The price of expertise is practice, practice, practice. An advantage of arriving at a "duffer" level, is that you can gain about the same pleasure as an expert in participating without the investment of time and effort. One can be a "jack of a lot of trades," but one can't be "a master of all." And sometimes "expertise" can be deceptively fleeting. Look at Alan Greenspan and the "Bankers."

Stephen Downes said...

An interesting turn of discussion. I could comment more on the concept of expertise, but I'd rather raise an interesting point for discussion first.

You, Ken, are a patent attorney, at least, according to your bio. http://www.blogger.com/profile/06853211164976890091 So it follows that in your writings on education you are writing outside your area of expertise.

You write, "Expertise is restricted to a specific domain." This is my domain, Ken. Is it yours?

KDeRosa said...

Stephen, I think you are confusing credentialsim with expertise.

As you know, expertise is a function of domain knowledge which does not necessarily align with the credential conferred by study in a formal education program. Further, in education, I believe there is a bad mismatch between the credential and the real knowledge base. So, at least in the domain of education, I do not believe that the credential necessarily aligns well with expertise.

In any event, I am not an expert in the domain of education. I have acquired quite a bit of domain knowledge after ten years of study. So, I believe I have acquired some measure of expertise, but it does not rise to the level of an expert. Far from it -- which is why I am careful to stick to the knowledge base gleaned from credible sources: valid education and cognitive science research and successful instructional programs.

RMD said...

Ken . . . nice post. I don't know about expertise, but I'd love the schools to focus on "strong proficiency" in key skills: reading, writing, math, with an ease in these subjects that experts have in their areas of expertise.

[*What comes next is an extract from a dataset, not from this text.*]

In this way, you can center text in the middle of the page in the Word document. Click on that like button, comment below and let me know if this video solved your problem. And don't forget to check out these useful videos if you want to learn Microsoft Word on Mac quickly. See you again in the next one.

Instead, from my parental point of view, they focus on "experiential" learning and highly inefficient techniques (i.e., projects) to teach materials. I afterschool my children because of the slow pace of instruction at their school . . . which many regard as a good school!

When I read debates about "21st century" learning and such, it sickens me. The so-called academics and researchers continue to set the bar lower, believing that Google will save our kids somehow. And the educational "experts" talk about the problems with testing and other concerns, instead of just figuring out the best way to teach (through research) and creating an environment where kids learn as much as quickly as they can.

Thanks for your terrific blog . . . I don't know how you continue to do it, but I continue to learn from it (I downloaded the NIFDI study you cited recently).

Unknown said...

Ken-

I believe it is Dan Willingham who has said interventions improving a student's knowledge base are much more effective in showing lasting results that working on problem solving strategies.

For example very successful chess players rely primarily on a vast knowledge of successful chess moves and less on reasoning strategies.

Stephen-

Lawyers as a group are much more willing to acknowledge if something is outside their field of expertise or if they regard an analogy to be less than firm. They also tend to be forthcoming about why they believe what they believe. A good one doesn't make assertions they don't have solid evidence for.

Having a law degree is only the beginning of domain knowledge and not a shield to be used to stop any further inquiry. I believe that's why lawyers can be so impatient when others point to credentials to cut off discussion.